Sur une chaise roulante, une autre femme âgée de 43 ans et mère de deux filles et installée non loin de Halima intervient pour dire avec une voix pleine de confiance : « j’aime mon travail à et je ne pense qu’à bien le faire».  A l’instar de tous les autres vendeurs, elle considère que la décision d’interdire les sacs en plastique signifie le chômage.Ses paroles sont aussi confirmées par Halima, qui dit :«S’ils nous interdisent la vente des sacs, comment vivrons -nous ? ».

Protéger l’environnement..sur décision du gouvernement

273 entreprises sont actives dans le secteur des industries plastiques. Chacune emploie plus de 10 personnes spécialisées dans la fabrication du plastique.  100 entreprises parmi les 273 fabriquent des sacs en plastique à usage unique et le secteur contribue à hauteur de 3% au produit intérieur brut (PIB).

 Selon le responsable de la direction générale de l’environnement et de la qualité de la vie au ministère de l’environnement et du développement durable Hédi Chebili, la décision de l’interdiction vise 315 millions de sacs en plastique à usage unique, soit les deux tiers du total des sacs non recyclables.

Chebili a ajouté « nous avons décidé d’accorder aux industriels les délais nécessaires, soit jusqu’au début de l’année 2017, pour qu’ils s’adaptent et de les encadrer afin qu’ils parviennent à fabriquer des sacs solides ou solubles fabriqués à partir du papier, de fibres végétales ou de tissus ».       

Le ministère oeuvre, a-t-il dit, à convaincre les industriels et à se concerter avec eux afin d’atténuer leurs craintes et pour qu’ils cessent d’eux-mêmes de produire les sacs en plastique à usage unique. 

La décision d’interdiction ne concerne pas les sacs à usage économique utilisés dans les différentes activités économiques des entreprises, tels que l’emballage ou la production et autres, a précisé le responsable. 

Le ministère accordera aux industriels un délai d’une année pour l’arrêt de fabrication de sachets en plastique  légers.

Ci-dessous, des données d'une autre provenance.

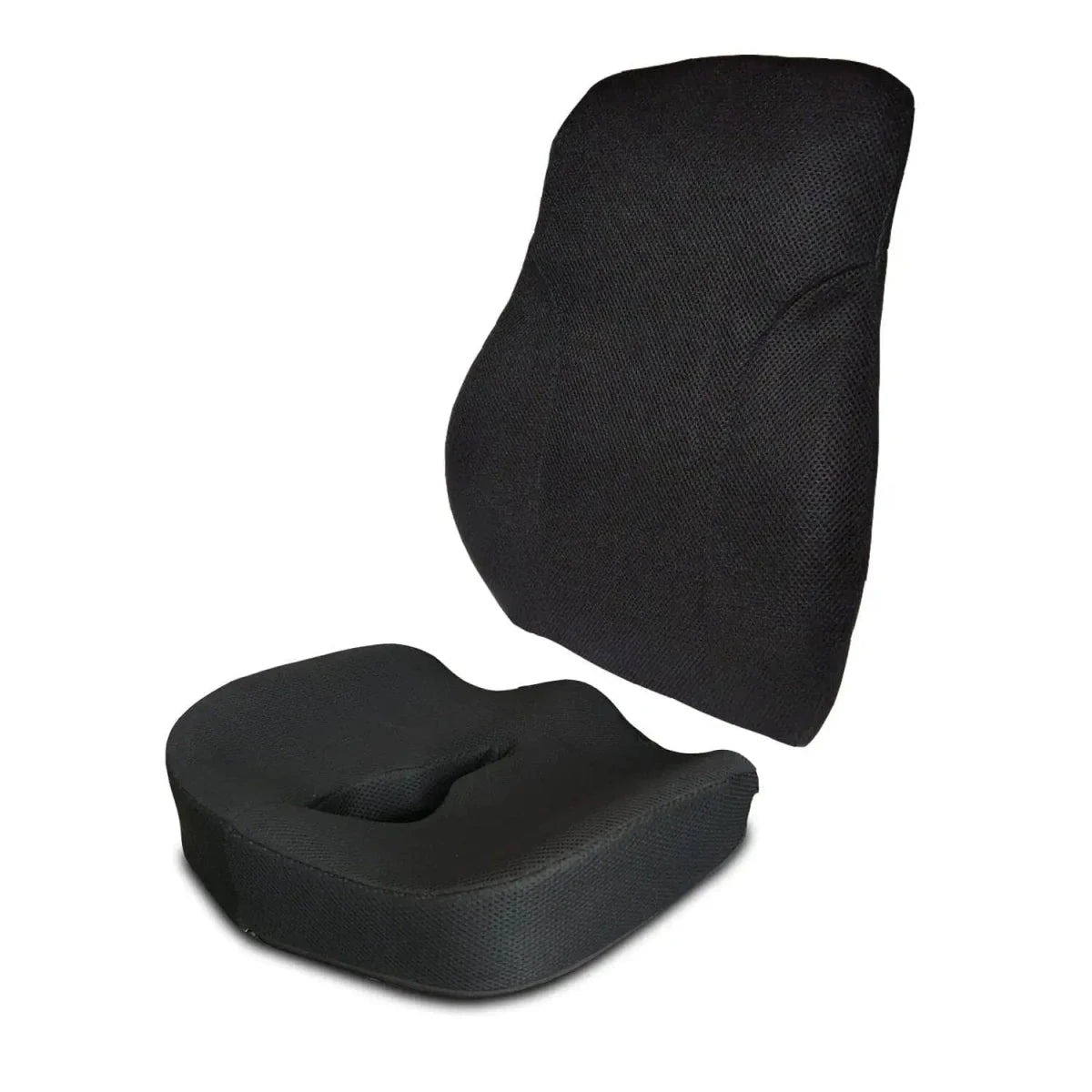Victor - Work From Home Combo - Lumbar Backrest & Coccyx Tailbone Seat Cushion - Medium Firm Combo-Back-Seat The White Willow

L’aide nécessaire leur sera fournie pour la production de sachets conformes aux normes environnementales et plus épais afin de faciliter leur collecte.

Les mesures que le ministère compte mettre en œuvre comportent la lutte contre l’importation des sacs en plastique non conformes aux normes dont 80% proviennent, selon les industriels, des circuits commerciaux parallèles, tout en contrôlant davantage les circuits de distribution.

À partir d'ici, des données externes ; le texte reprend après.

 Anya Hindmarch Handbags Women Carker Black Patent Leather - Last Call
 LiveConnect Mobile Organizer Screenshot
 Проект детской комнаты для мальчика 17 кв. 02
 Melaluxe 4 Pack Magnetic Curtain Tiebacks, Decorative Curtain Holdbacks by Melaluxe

L’application de la décision revient aux industriels

La chambre nationale des industriels et transformateurs du plastique estime que la décision d’interdiction prévue sera un coup dur pour le secteur qui procure des milliers  d’emplois.

La chambre rejette cette décision, comme l’a indiqué son vice-président Fayçal Bradii dans une déclaration à l’agence TAP.

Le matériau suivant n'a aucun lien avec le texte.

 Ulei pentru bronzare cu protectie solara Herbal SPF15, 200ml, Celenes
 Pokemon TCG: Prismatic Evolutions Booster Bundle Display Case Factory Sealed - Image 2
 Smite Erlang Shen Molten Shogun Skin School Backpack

Il reproche au ministère de ne pas avoir associé la chambre à la prise d’une telle décision, alors que le ministère souligne « être ouvert aux suggestions de la chambre pour l’élaboration de cette loi que Bradii qualifie d' »arbitraire ».

Il a appelé à la création d’une commission regroupant les ministères de l’industrie et de l’environnement ainsi que la chambre pour évaluer l’efficience ou non de cette loi, accusant le ministère de l’environnement de gaspiller des millions de dinars.           

« Le ministère profite des revenus fiscaux au titre de l’impôt sur le fonds de l’environnement, alors qu’il n’a déployé aucun effort pour revoir les systèmes de recyclage du plastique », a-t-il ajouté.

Il aurait été plus opportun, d’après ses dires, de réformer les systèmes de contrôle et de recyclage des déchets, tels que celui d' »Ecolef », recommandant au ministère de combattre la contrebande des sacs en plastique au lieu d’interdire leur fabrication.   

Il a indiqué que la chambre a l’intention de hausser le ton en cas de non retrait de cette loi sur l’interdiction laquelle engendredra des pertes matérielles énormes pour les industriels et les collecteurs bien qu’elle soutienne la fabrication de sacs en plastique à usages multiples et ne concerne que les sachets à usage unique.  

Bradii considère que l’importation des sacs constitue la source principale de pollution dans le pays, précisant que le taux de quantités importées de ce produit s’élève a environ 80%, soulignant la nécessité pour le ministère de lutter contre la contrebande et l’importation de sacs en plastique au lieu de promulguer une loi interdisant leur fabrication en Tunisie.